Showing posts for tag "off-topic"

Optimizing for the Wrong Thing

Wed May 23 08:37:00 EDT 2012

Tags: off-topic

My apartment has a core logistical issue: it has two floors and the connection is a spiral staircase. This is generally fine for normal use, but it's a giant hassle when moving in or out: the building has to hire some guys to essentially dismantle the stairs to turn each step to one side so they can hoist large objects like bookshelves and beds up and down.

In order to make this mildly more practical, the building decided to replace one of the upstairs windows in each apartment with a model that makes it easier to move things in an out through it. Nothing to complain about there - a window's a window, and now was a pretty good time to make the switch, since our section of the building has been lightly populated but is picking up now.

The actual installation was problematic in the way you'd expect that kind of thing to be: longer than the estimated hour, several trips, and the powerful aroma of new drywall and paint for several days. I had to call the front desk a couple times to get them to "remind" the maintenance guy that he was supposed to stop by several times but kept forgetting. Still, that's within the expected range.

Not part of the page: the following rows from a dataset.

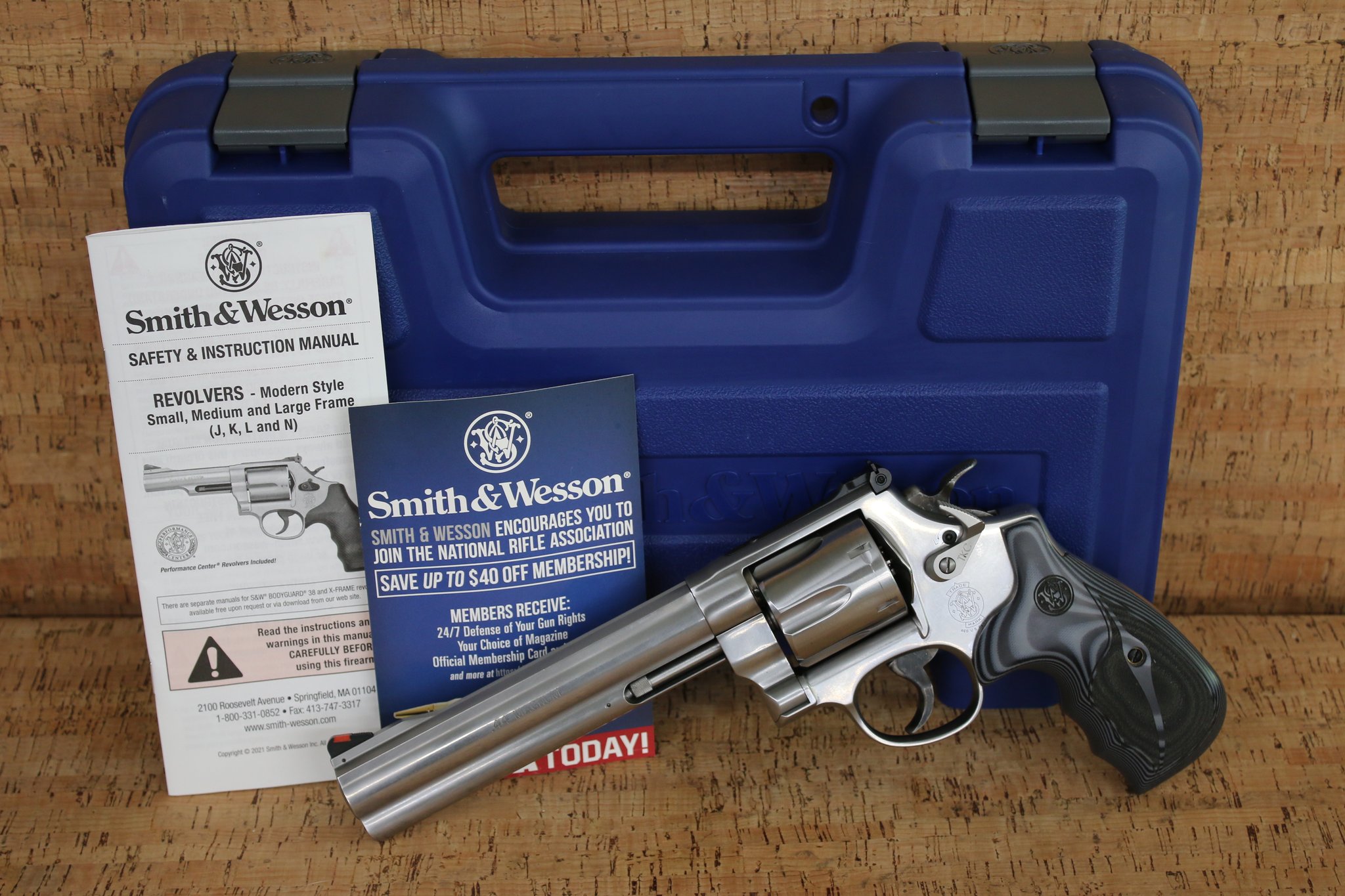 SMITH & WESSON 629 CLASSIC
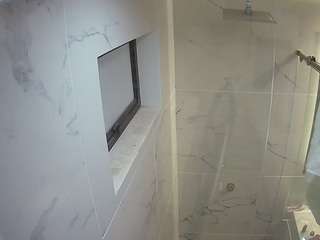 voyeurcam-casa-salsa-bathroom-13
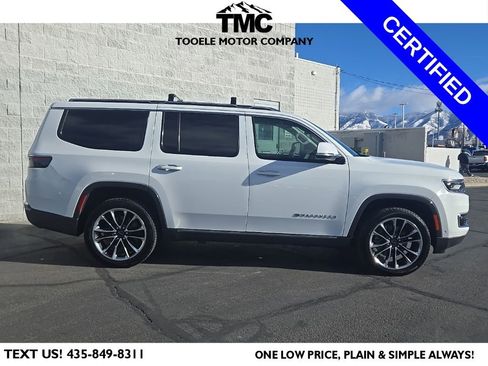 Used 2022 Jeep Wagoneer Series III w/ Premium Group I image 2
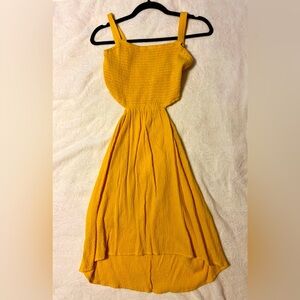 Elegant Yellow Sleeveless Dress
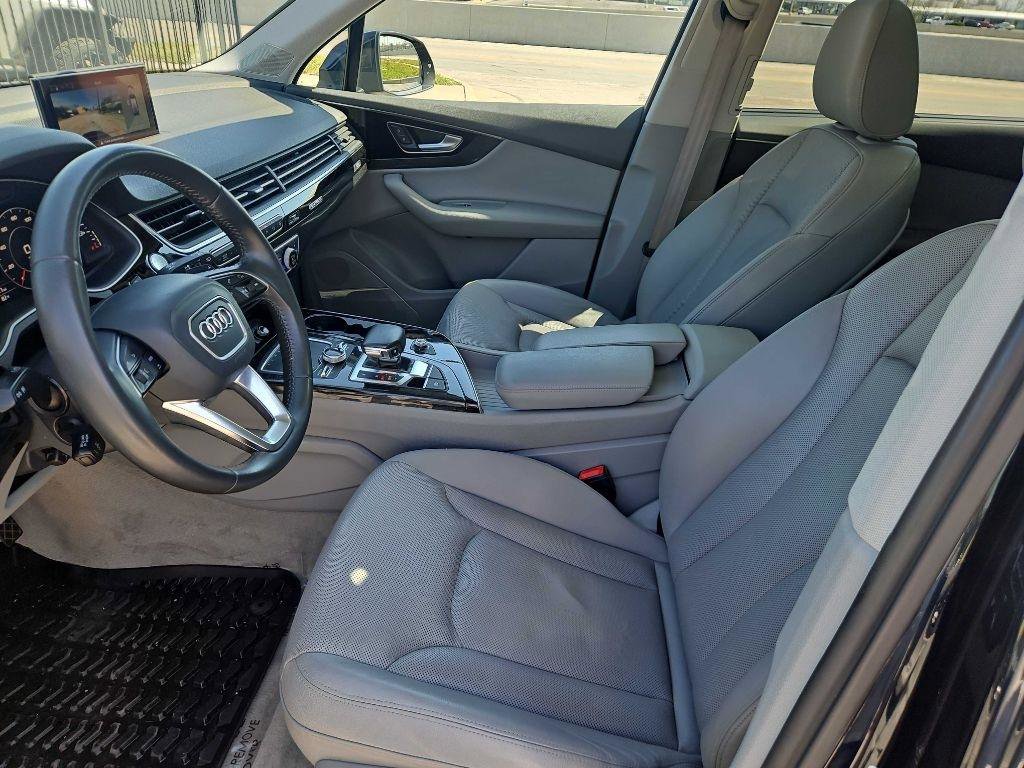 Used 2017 Audi Q7 3.0T Prestige w/ Prestige Package AWD/4WD image 10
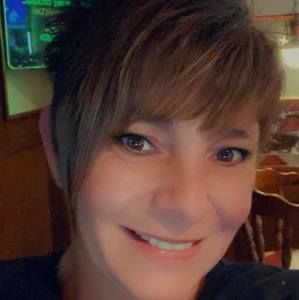 Meet your Posher, Vicky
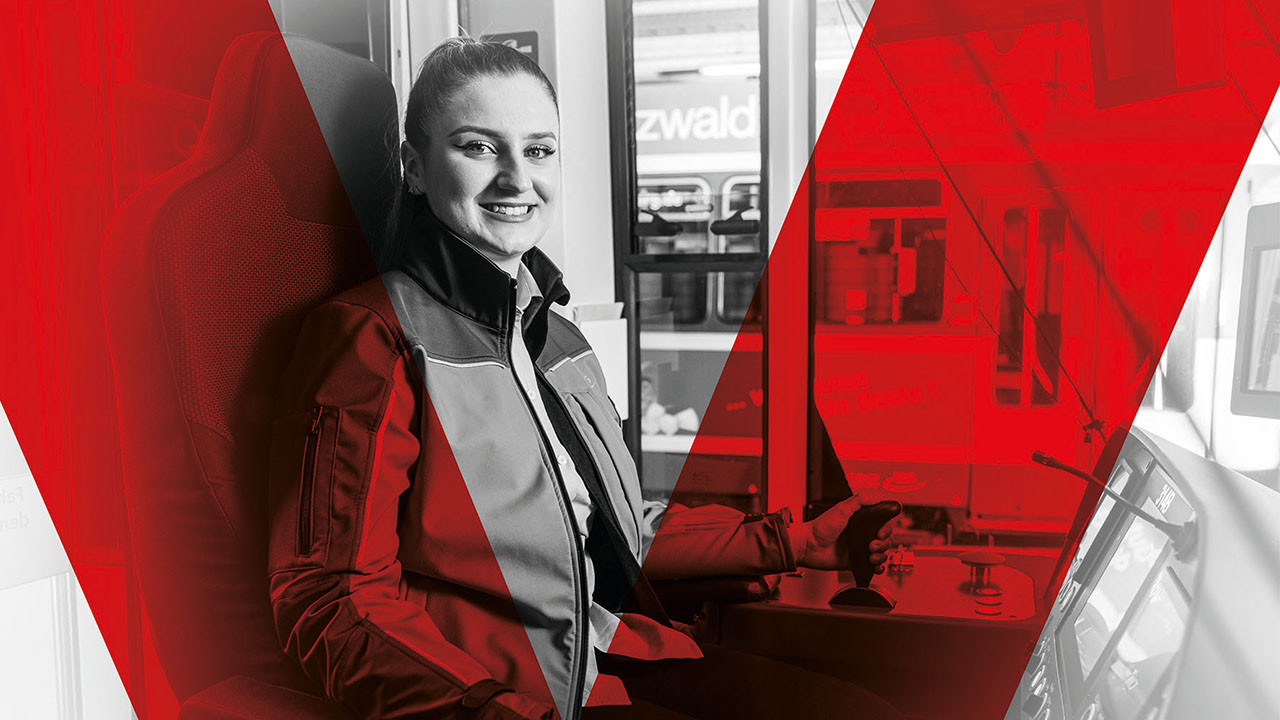 Schwarzweißbild einer Busfahrerin, über das Bild ist im Vordergrund ein rotes V gelegt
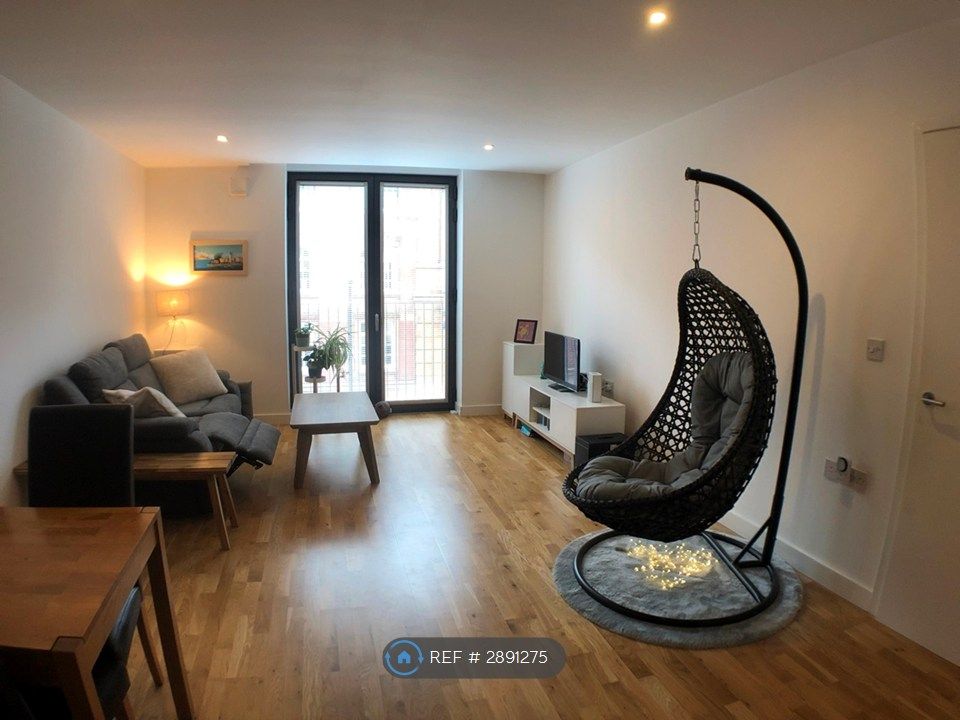 Property photo 1 of 8 Front Room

The problematic part of this window is that, while it is indeed better at the specific task of moving furniture in and out, it's at the significant expense of daily window use. I had assumed that the new window would be basically the same as the old one, but made to be easy to remove when needed. That, however, is not the case. Replacing the two-pane window we used to have, the new one is a single giant pane with bars glued to it, I guess to make it look like the others. It can't be opened from the bottom like the school-style window we used to have or slid up like normal human windows, but instead there's a large handle on the left: turn it 90° and you can swing the entire window inwards, which is what you'd do when moving; give it another quarter turn and you can kind of lean it inwards from the top about three inches to let some fresh air in. Note that this means that it's mildly easier to move the entire window than it is to open it just a bit.

Additionally, they added a "lock" to the window, presumably for policy or regulatory reasons, to make it so that we can't easily swing open the whole thing. I say "lock" because that's how the building guy described it to me. A more accurate description would be "a metal stick screwed into the window frame". It's literally a bar of metal placed a couple inches from the window, so the window will smack into it like it's a doorstop. It's also colored a dark green, which would have matched the color of the old window frame; the new frame, however, is white. Fortunately, it appears easy to remove, so I may do that.

To accommodate the inward-swinging top and this "lock", the maintenance guy had to move the windowblinds several inches, so that they're now placed right in the middle of the previously-deep frame. We used to have a couple plants and a bed for the cats up there; I guess we still could, but then we'd have to choose between never quite lowering the blinds all the way, bonking the cat on the head when lowering them, or manually angling them back behind the obstacles every time.

And the kicker: there's no screen, so we can't actually open the window unless we want a bunch of bugs in here anyway.

So yes, this new window is indeed good at the task of moving furniture in and out through it. Fantastically good, in fact! Unfortunately, that's something that happens only twice per tenant, and in theory tenants should not be coming and going particularly frequently. Certainly, less frequently than they might do things like, say, let some fresh air in, raise or lower blinds, and place things on the windowsill... tasks that are all significantly worse now.

Overall, I feel like my computer room's window was mugged.